Chantry made a violent gesture of denial. "Ask a question about a hog like that? God forbid!"

"Um-m-m." Havelock seemed to muse within himself. "You will admit that if a jury of impartial men of sense could have sat, just then, on that slanting deck, they would have agreed that Ferguson's life was worth more to the world than all the rest of the boiling put together?"

"Yes, but—"

"Well, there wasn't any jury. Ferguson had to be it. I am perfectly sure that if there had been a super-Ferguson on board, our Ferguson would have turned his hand to saving him first. In fact, I honestly believe he was sorry there hadn't been a super-Ferguson. For he had all the instincts of a gentleman; and it's never a pleasant job making your reason inhibit your instincts. You can't look at this thing perfectly straight, probably. But if you can't, who can? I don't happen to want an enlightened opinion; I've got one, right here at home. You don't care about the State: you want to put it into white petticoats and see it cross a muddy street."

"I don't wonder the socialists won't have anything to do with you."

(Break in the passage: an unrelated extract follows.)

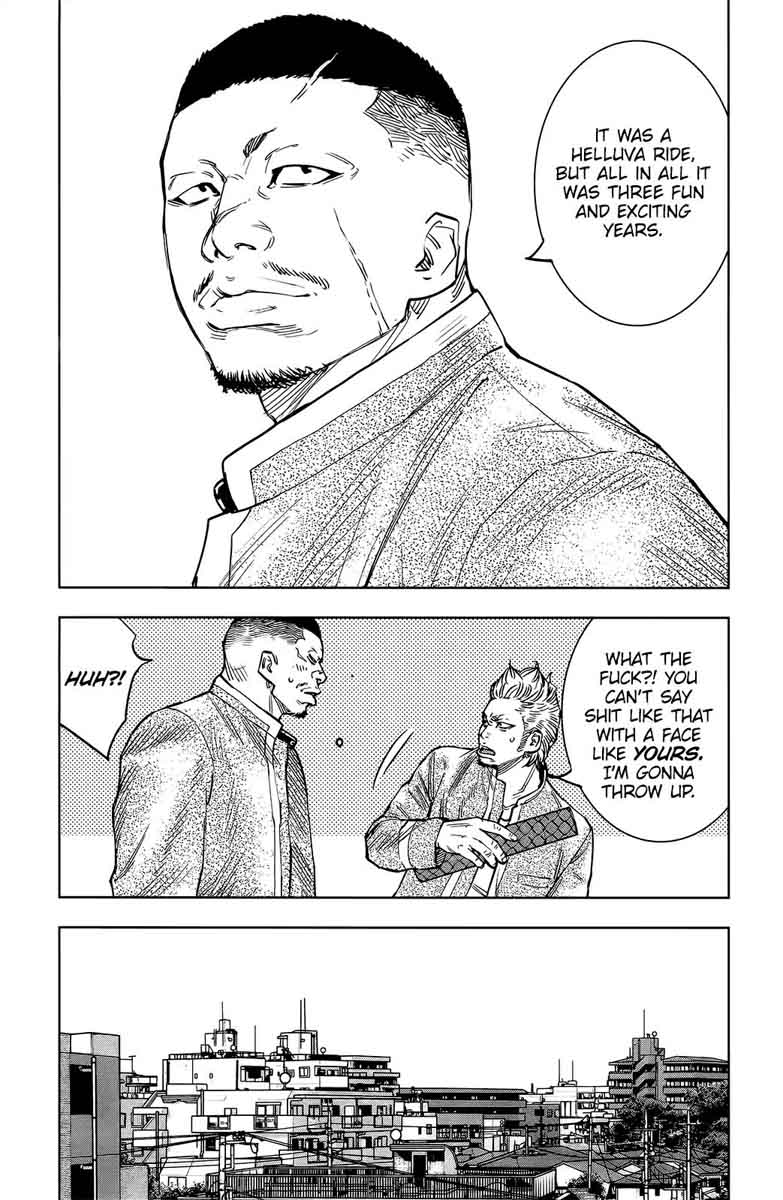 Crows Zero II Suzuran X Houen 52 12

"Because I'm not a feminist? I know. Just as the feminists won't have anything to do with you because you're so reactionary. We're both out of it. Fifty years ago; either of us could have been a real prophet, for the price of a hall and cleaning the rotten eggs off our clothes. Now we're too timid for any use. But this is a digression."

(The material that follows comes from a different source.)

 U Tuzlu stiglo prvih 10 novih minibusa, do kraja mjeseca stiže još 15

"Distinctly. Is there anything more about Ferguson?"

"I should say there was. About a year ago, he became engaged. She's a very nice girl, and I am sure you never heard of her. The engagement wasn't to be announced until just before the marriage, for family reasons of some sort—cockering the older generation somehow. I've forgotten; it's not important. But they would have been married by now, if Ferguson hadn't stepped out."

"You seem to have been very intimate with Ferguson."

"He talked to me once—just once. The girl was a distant connection of my own. I think that was why. Now I've got some more things to tell you. I've let you interrupt a good lot, and if you're through, I'd like to start in on the next lap. It isn't easy for me to tell this thing in bits. It's an effort."

Havelock the Dane set down his second emptied glass and drew a long breath. He proceeded, with quickened pace.